Analytical Methods and Instruments for Micro- and Nanomaterials

X-ray techniques are non-destructive material analysis methods to provide information about lattice constant, strain, material composition, layer thickness, defect density, interface quality, grain size, texture, etc. This chapter begins with the basic definitions in crystallography and crystal defects, x-ray diffraction, and then the discussion extend to the x-ray applications for material analysis ranging from powder diffraction, and grazing-angle reflectivity measurements to high-resolution measurements. The content gives also examples for how to apply x-ray diffraction to study the nano-scale materials and devices.

Photoluminescence is a form of light emission from a material which is initiated by the excitation of the electronic system of the material by incident photons. New photons can then be emitted, as the excited electrons relaxes back to their ground states and the emitted photons can reveal important information of the electronic system of the material. Micro-photoluminescence, described in this chapter, is a versatile technique for characterization and studies of material optical properties on a smaller length scale. Basic principles and instrumentation are described and relevant examples are provided for heterostructures and nanostructured semiconductor materials with the focus on analysis of fundamental properties relevant for today’s applications.

This chapter presents the principles and applications of Raman spectroscopy, Fourier transform infrared spectroscopy (FTIR) and x-ray photoelectron spectroscopy (XPS) techniques.

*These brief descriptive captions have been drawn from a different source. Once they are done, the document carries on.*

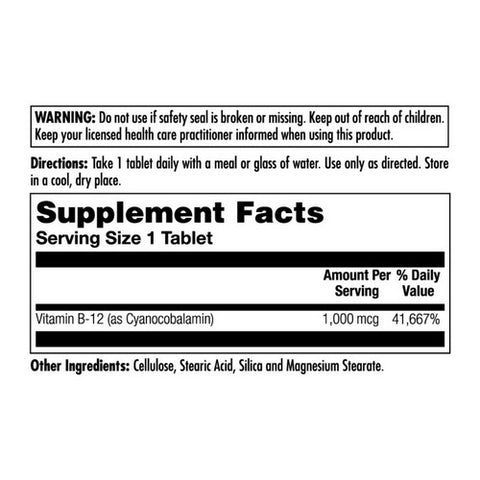 Kal, B-12 Sustained Release, 1,000 mcg, 100 Tabs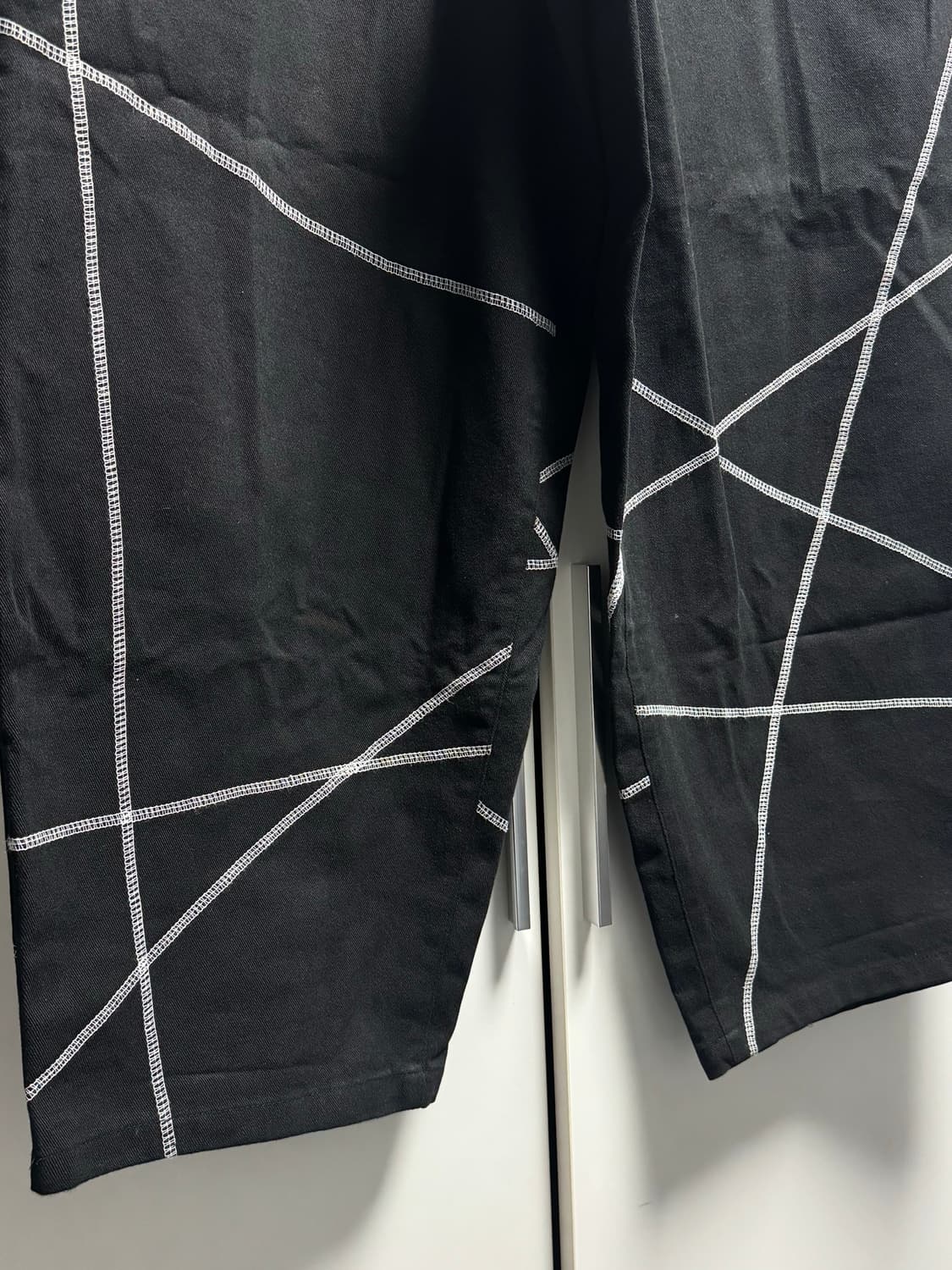 노매뉴얼 S.L WIDE PANTS - BLACK 상품이미지7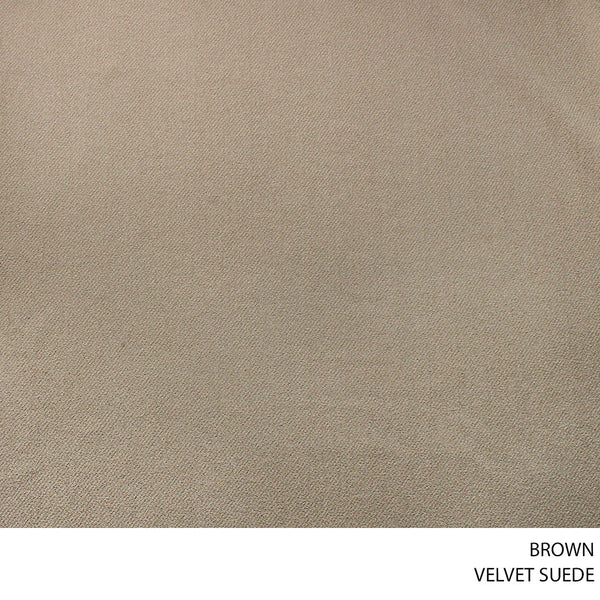 VELVET SUEDE 140CM WIDE BROWN ROLL ROLL 001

These methods are other important varieties of using incident photons to study electronic and vibrational properties of materials, in addition to photoluminescence, described in Chap. 2. The discussion in this chapter covers the scientific and technical issues while several experimental examples highlight the significance and applications of each characterization technique in the fields of microelectronics engineering and material science.

The chapter presents the fundaments of electron and optical microscopes. It begins with an overview of microscopy and then continues to how the technique of electron spectroscopy developed to scanning electron microscopy (SEM) and transmission electron microscopy (TEM) for material analysis. A focus is made on electron diffraction and chemical analysis methods e.g. energy dispersive spectroscopy (EDS) and electron energy loss spectroscopy (EELS) techniques. The chapter covers also high-angle annular dark-field (HAADF) and low-angle annular dark-field (LAADF) techniques and their applications. Later, the discussions extend also to scanning Moiré fringe (SMF) imaging technique and how to determine the lattice plane direction and crystal quality. Finally, different examples of applications of electron microscopes for nano-scale materials and devices are presented.

The origin of Rutherford backscattering spectrometry (RBS) constitutes one of a handful of paradigm breaking physics experiments done in the early twentieth century that paved the way to modern physics and our conception of matter. From fundamental research in nuclear physics, RBS developed into a very useful material characterization technique for investigation of thin film composition, depth profiling of impurities, and thickness measurement in the nanometer range. This chapter introduces the foundation for the technique and how it is applied in modern materials analysis.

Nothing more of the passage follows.